Directions: From the line containing "Dinamic_power cam4 bisexual" to the last line of the records below, repeat every line exactly and add nothing else.

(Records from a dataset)
☆ ☆ ☆ ☆ ☆ ☆ ☆

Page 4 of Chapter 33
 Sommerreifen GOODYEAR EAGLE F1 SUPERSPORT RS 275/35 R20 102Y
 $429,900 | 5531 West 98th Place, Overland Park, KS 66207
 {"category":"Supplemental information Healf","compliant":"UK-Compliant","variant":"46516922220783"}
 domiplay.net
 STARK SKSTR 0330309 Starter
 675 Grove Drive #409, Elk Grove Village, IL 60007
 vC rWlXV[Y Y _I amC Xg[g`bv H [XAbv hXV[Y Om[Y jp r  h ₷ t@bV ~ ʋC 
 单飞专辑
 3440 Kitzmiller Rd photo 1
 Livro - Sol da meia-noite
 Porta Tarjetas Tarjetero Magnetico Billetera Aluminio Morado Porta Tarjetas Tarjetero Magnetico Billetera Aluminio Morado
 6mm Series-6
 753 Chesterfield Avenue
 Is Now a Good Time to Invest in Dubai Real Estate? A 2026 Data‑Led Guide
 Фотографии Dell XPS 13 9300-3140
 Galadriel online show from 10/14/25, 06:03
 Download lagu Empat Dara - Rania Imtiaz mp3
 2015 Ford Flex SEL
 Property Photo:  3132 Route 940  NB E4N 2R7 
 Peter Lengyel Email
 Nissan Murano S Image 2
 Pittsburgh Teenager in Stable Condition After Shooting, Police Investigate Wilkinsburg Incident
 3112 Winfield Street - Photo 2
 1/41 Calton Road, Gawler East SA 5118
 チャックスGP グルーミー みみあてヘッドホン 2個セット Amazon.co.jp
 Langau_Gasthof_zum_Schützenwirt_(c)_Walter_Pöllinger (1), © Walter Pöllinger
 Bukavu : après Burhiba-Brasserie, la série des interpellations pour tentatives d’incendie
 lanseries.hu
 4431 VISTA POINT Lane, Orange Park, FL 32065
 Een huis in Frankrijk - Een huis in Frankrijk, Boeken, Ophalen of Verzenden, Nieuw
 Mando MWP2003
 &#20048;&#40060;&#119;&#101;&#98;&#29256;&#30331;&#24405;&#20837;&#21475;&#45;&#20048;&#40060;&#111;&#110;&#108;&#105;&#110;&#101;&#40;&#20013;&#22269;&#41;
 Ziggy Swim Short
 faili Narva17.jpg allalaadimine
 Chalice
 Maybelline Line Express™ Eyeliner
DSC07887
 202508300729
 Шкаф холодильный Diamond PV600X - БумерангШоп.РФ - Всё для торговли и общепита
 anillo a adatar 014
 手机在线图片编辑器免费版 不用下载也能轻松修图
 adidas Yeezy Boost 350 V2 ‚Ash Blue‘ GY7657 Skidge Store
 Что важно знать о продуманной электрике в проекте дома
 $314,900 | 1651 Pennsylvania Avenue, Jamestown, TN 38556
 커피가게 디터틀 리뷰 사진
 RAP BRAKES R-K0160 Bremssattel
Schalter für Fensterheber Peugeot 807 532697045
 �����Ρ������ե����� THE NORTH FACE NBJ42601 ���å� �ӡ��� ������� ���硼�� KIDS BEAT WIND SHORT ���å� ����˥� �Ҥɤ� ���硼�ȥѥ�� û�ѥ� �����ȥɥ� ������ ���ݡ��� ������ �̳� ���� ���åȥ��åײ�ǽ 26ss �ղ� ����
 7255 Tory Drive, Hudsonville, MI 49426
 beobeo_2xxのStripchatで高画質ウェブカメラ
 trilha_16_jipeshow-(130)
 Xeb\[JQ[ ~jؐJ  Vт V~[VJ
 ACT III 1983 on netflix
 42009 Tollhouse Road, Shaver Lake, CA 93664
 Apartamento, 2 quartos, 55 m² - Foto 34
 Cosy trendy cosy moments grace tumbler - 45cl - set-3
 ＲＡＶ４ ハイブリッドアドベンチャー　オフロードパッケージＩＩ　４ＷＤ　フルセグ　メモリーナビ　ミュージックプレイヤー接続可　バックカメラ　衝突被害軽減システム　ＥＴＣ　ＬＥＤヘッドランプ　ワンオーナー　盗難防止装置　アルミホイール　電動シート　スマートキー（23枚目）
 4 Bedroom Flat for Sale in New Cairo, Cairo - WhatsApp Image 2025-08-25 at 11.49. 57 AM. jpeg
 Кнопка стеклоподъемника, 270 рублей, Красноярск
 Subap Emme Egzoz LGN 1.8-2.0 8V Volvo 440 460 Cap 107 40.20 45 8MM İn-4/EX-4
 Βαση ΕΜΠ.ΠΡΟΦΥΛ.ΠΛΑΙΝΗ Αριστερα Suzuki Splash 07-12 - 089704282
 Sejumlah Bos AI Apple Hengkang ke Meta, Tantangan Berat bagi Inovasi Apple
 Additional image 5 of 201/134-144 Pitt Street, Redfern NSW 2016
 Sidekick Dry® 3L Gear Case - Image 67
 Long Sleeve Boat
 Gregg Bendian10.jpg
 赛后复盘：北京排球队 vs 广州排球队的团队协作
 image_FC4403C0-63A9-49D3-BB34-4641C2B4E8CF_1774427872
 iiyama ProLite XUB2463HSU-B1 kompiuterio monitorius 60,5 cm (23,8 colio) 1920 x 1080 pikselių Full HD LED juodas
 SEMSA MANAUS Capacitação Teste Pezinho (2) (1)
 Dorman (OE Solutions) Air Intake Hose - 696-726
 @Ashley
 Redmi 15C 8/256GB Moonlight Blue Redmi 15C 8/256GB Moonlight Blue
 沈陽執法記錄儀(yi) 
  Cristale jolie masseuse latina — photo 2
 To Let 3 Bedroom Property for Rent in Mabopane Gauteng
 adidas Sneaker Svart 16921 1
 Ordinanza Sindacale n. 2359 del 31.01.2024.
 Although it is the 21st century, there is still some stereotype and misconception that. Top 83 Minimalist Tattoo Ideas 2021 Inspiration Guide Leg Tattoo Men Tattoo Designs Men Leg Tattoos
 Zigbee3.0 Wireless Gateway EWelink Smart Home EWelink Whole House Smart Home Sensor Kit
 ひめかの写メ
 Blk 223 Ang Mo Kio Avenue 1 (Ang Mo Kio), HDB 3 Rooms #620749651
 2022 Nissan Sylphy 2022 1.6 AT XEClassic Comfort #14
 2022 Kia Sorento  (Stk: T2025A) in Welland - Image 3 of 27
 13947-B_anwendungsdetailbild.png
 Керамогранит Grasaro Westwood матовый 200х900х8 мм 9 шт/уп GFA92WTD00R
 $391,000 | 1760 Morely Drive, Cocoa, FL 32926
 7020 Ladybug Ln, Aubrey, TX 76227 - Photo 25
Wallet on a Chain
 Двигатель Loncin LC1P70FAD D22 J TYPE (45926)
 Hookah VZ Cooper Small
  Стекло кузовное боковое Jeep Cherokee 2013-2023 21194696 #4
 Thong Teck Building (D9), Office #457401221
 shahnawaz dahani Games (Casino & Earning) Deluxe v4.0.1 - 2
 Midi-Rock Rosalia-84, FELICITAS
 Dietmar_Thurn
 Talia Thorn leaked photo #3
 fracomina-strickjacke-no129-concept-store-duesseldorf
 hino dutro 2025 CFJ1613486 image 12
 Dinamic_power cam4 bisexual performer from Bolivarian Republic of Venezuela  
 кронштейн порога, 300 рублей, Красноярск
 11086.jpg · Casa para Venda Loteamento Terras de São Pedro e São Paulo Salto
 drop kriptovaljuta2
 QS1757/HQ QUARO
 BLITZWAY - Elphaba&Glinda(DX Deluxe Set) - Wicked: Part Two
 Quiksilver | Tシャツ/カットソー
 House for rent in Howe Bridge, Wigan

☆ ☆ ☆ ☆ ☆ ☆ ☆

Solution for this task:
 Dinamic_power cam4 bisexual performer from Bolivarian Republic of Venezuela  
 кронштейн порога, 300 рублей, Красноярск
 11086.jpg · Casa para Venda Loteamento Terras de São Pedro e São Paulo Salto
 drop kriptovaljuta2
 QS1757/HQ QUARO
 BLITZWAY - Elphaba&Glinda(DX Deluxe Set) - Wicked: Part Two
 Quiksilver | Tシャツ/カットソー
 House for rent in Howe Bridge, Wigan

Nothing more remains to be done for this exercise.